I am in a work from home scenario. This week is the first time that I'm spending time working from a place that isn't home — vacationing on the shores of the Atlantic. I've been acclimated to particular habits while at home. Suddenly I don't have access to those, so adjustment is needed. Different co-working pals, different desk for taking video calls, different working session cadences.

It's been a refreshing reset that shakes the dust off of my normal routine. When I go back home at the end of the week I can return to my home office with a renewed appreciation and perhaps a couple improvements that can be made to make things better.

Makes me wonder why I haven't done something like this sooner — working from not home for a change.

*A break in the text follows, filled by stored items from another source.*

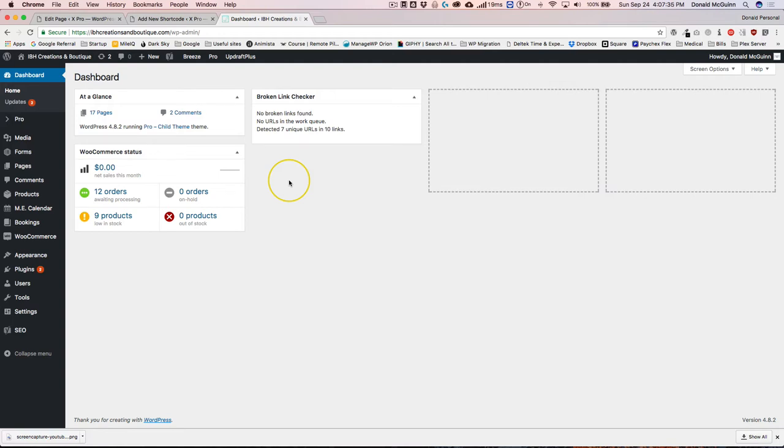Hey everyone, my name is Donald and in this video we're going to show you how to add events as a list or a monthly calendar to the front end of your website using the Modern Events Calendar plugin.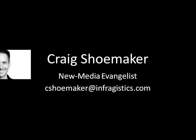Hey there, this is Craig Shoemaker, new media evangelist for Infragistics. Before we get started, there's just a few things I want to share with you. If you have any questions about this screencast, please feel free to email me at cshoemaker@infragistics.com.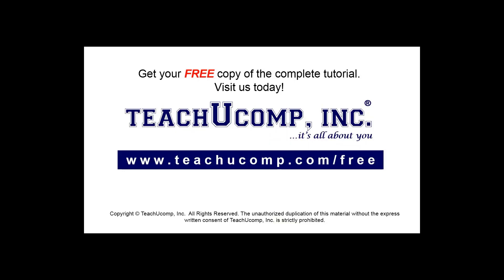Get your free copy of the complete tutorial at www.teachyoucomp.com forward slash free.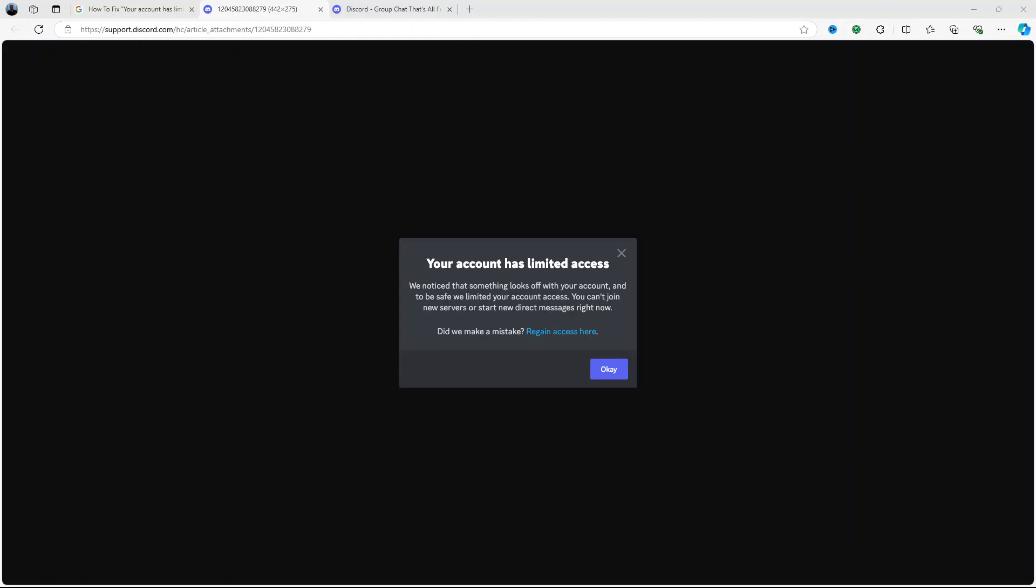Hello everyone, welcome to this video. Today I'm going to show you how to fix this issue on your Discord account when you have limited access to your account.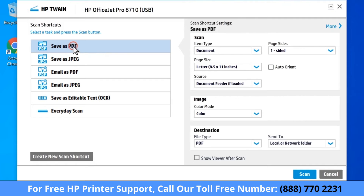Select the Scan shortcut for the type of scan you want. Change any desired settings in the drop-down menus on the right side of the window. Select the checkbox next to Show Scan Preview or Show Viewer After Scan.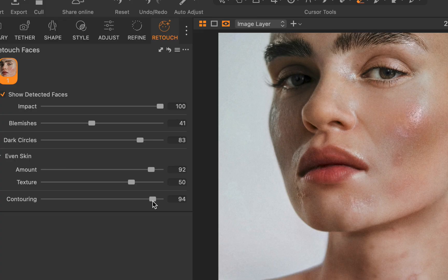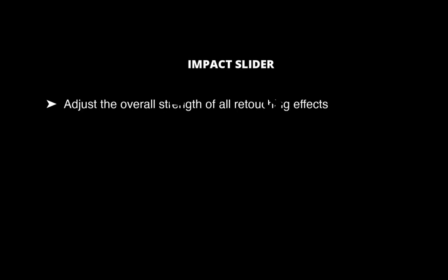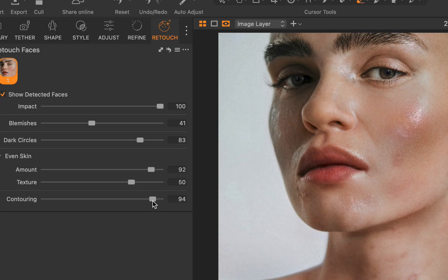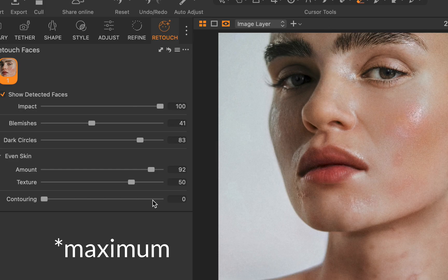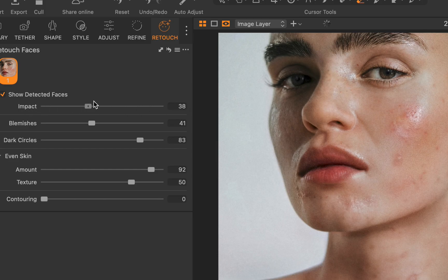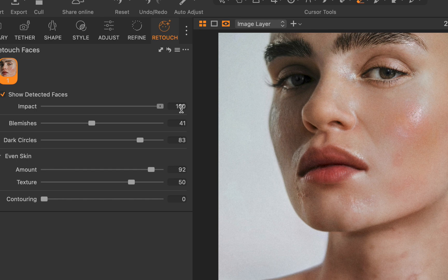Finally, let's use the impact slider. The impact slider adjusts the overall strength of all the applied retouching effects, enabling quick fine-tuning of the retouch intensity. By default, the impact slider is set to minimum. Let's decrease it. And as you can see, it allows for easily reducing the effect of all the adjustments for a more natural look.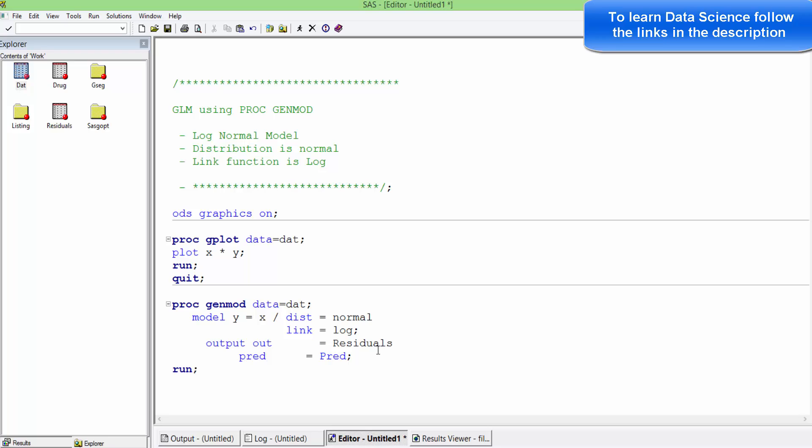That's important because residuals play a very big role while finalizing the model and knowing the goodness of fit.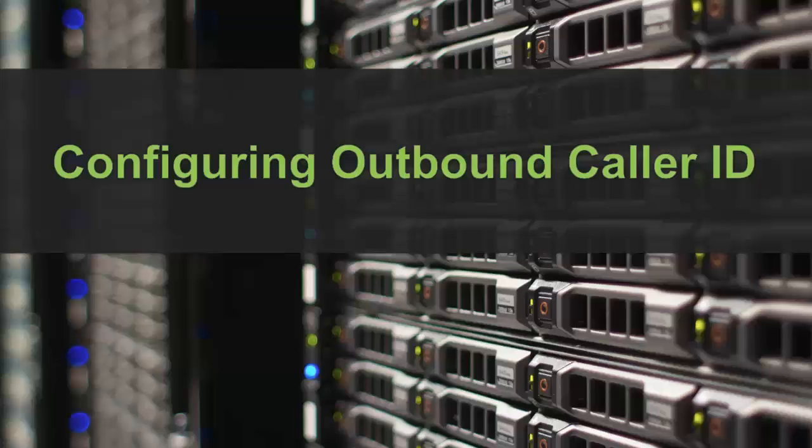Hello, my name is Jay Campbell with the FaxGuys for RightFax University. This video will walk you through configuring outbound caller ID from your Brooktrout Fax solution on your RightFax server.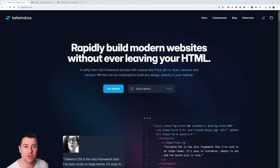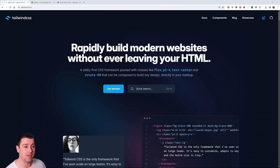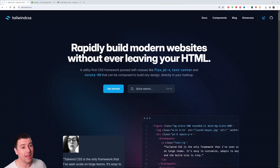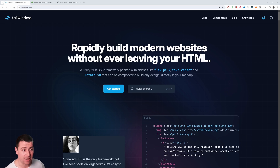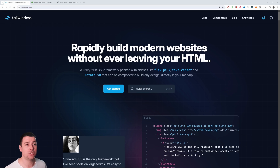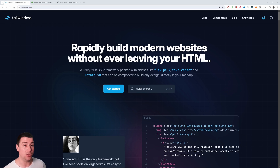Hello everyone! In today's video I'm going to teach you how to use Tailwind CSS. We're going to install and set up Tailwind CSS for a regular HTML, CSS, and JavaScript project. For a React version I'm going to do another video. A couple of prerequisites: you will need Node.js installed.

As disorder decreases, the system's structure and organization disappears. Disorder is incompatible with life. For open systems, fortunately, it is not impossible that entropy can decrease; fortunately, it is not impossible that entropy can decrease; that is, order can be increased locally (in the organism) while decreasing within the total system (organism plus environment). This is precisely what is typical of living systems: they have the ability to create order out of chaos simply by being assured access tot a continuous flow of energy through the system (energy with low entropy as input and energy with high entropy — heat, for instance — as output). An amoeba “eats” order — that is, it ingests materials with more order (energetically speaking), which it utilizes to maintain and rebuild its own organization, and it expends heat (spreading disordered energy) to its environment. An entire ecosystem operates on the same principle: the ordered input consists of light from the sun, the disordered output is heat to the environment, ultimately to outer space.